Coup de tonnerre à la Knesset. Le ministre des Finances, Bezalel Smotrich, a annoncé jeudi que son parti, le Sionisme religieux, suspendrait immédiatement toute participation aux votes de la coalition tant que la loi d’avantages fiscaux pour les réservistes de Tsahal ne serait pas adoptée en deuxième et troisième lecture. Une décision à la fois politique et symbolique, qui vient rappeler que derrière les débats budgétaires, c’est la reconnaissance du sacrifice des soldats citoyens d’Israël qui se joue.
“Les réservistes passent avant tout”, a déclaré Smotrich dans un communiqué sec diffusé depuis son bureau à Jérusalem. “L’État d’Israël leur doit tout. Aucun calcul politique, aucun compromis parlementaire ne saurait justifier qu’on retarde encore une mesure aussi évidente.”
Le texte, approuvé en première lecture en août dernier, prévoit un système de points de crédit fiscal progressifs pour les soldats de réserve, en fonction du nombre de jours de service accomplis. Plus le service est long, plus la réduction d’impôt est importante. La réforme vise à reconnaître l’engagement croissant des réservistes, dont beaucoup ont été mobilisés pendant des mois depuis le 7 octobre, souvent au détriment de leur emploi ou de leur famille.
Mais la loi, pourtant soutenue par une large majorité de l’opinion, s’est enlisée dans les méandres de la commission des finances. Le Likoud, principal partenaire de la coalition, estime que le texte avantage de manière disproportionnée les Israéliens aux revenus élevés. “Cette proposition, en l’état, exclut une grande partie des étudiants, travailleurs indépendants et familles modestes”, a dénoncé le président de la coalition Ofir Katz. “Nous devons aider tous les réservistes, pas seulement ceux qui paient beaucoup d’impôts.”
Pour Smotrich, cet argument n’est qu’un prétexte. “Ceux qui se battent ne demandent pas la charité. Ils demandent un geste de justice”, a-t-il répliqué. “Si le gouvernement n’est pas capable de récompenser ceux qui défendent le pays, alors à quoi bon parler de solidarité nationale ?”
Cette crise interne intervient dans un contexte de tension politique accrue au sein de la majorité. Après la guerre, la société israélienne a été marquée par une solidarité exceptionnelle envers les soldats, mais aussi par un ressentiment profond envers les institutions perçues comme lentes à reconnaître leurs efforts.
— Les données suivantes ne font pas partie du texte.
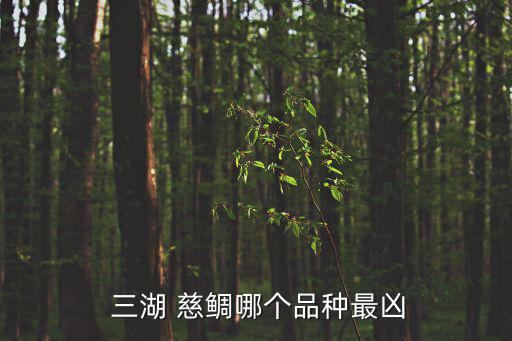 三湖慈鯛,三湖慈鯛和其他魚混養注意事項:不能放進一起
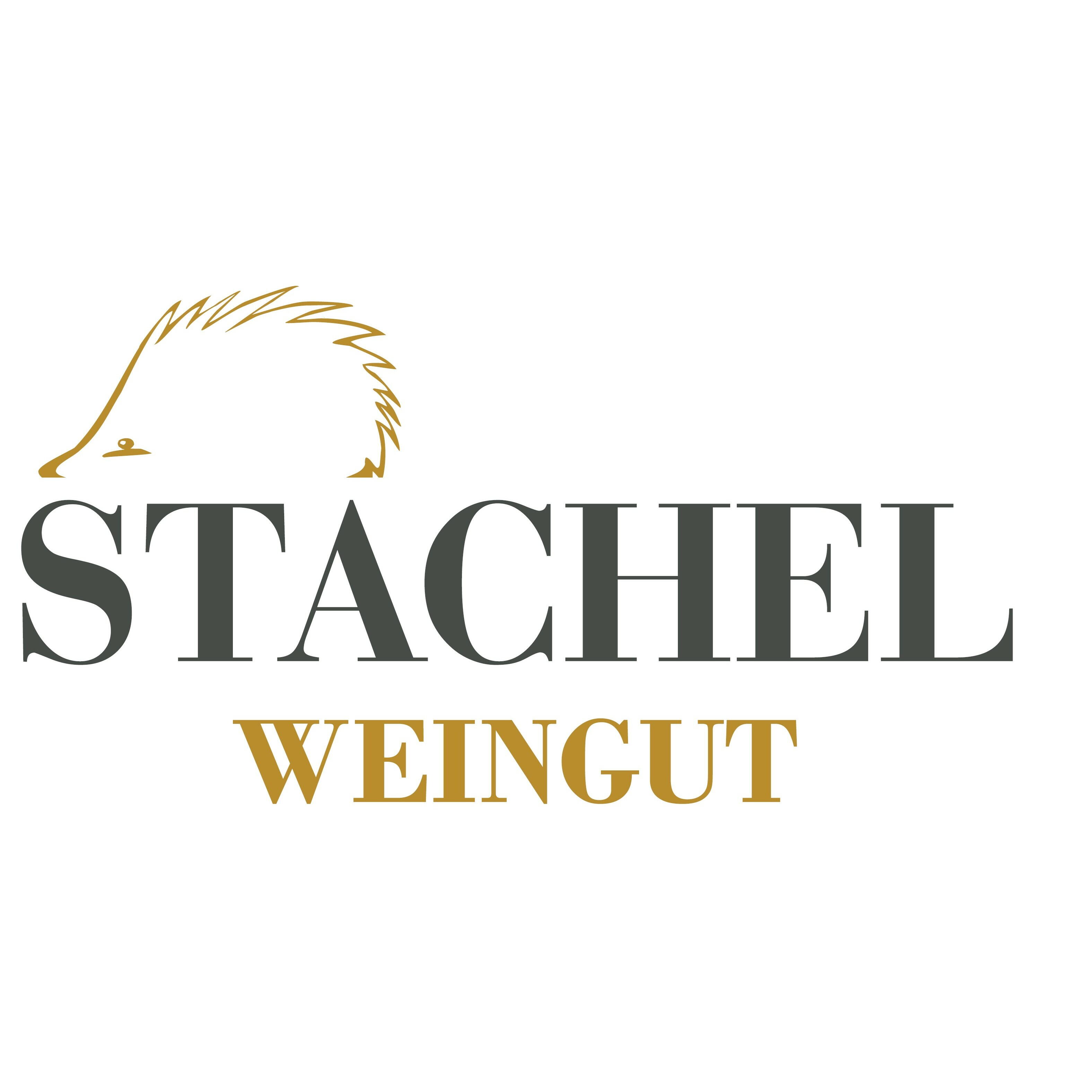 Weingut Erich Stachel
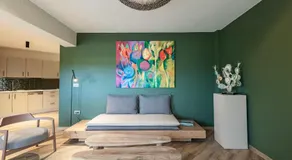 Boutique Saline Apartments - Green - Image 2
Des milliers de réservistes, rentrés épuisés du front de Gaza ou du Nord, témoignent de difficultés administratives, de salaires impayés et de promesses non tenues.
Dans les médias israéliens, plusieurs chroniqueurs voient dans le geste de Smotrich un acte calculé mais porteur d’un message fort : “Il veut incarner le ministre qui n’oublie pas les soldats, alors que les partis centristes s’enlisent dans les compromis”, analyse Maariv.
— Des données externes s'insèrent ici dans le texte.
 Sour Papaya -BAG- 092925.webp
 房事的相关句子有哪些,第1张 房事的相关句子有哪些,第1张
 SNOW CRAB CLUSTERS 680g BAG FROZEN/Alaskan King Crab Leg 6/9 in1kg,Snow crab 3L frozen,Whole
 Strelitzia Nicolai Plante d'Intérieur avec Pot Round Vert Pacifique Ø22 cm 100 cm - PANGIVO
Le Premier ministre Benjamin Netanyahou, lui, tente d’éviter une fracture ouverte. S’il reconnaît “l’importance cruciale” de la loi, il redoute qu’un vote hâtif ne provoque un précédent budgétaire difficile à contenir. “Nous devons rester responsables et équilibrés”, a-t-il déclaré. “Mais je m’engage personnellement à ce que les réservistes reçoivent la reconnaissance qu’ils méritent.”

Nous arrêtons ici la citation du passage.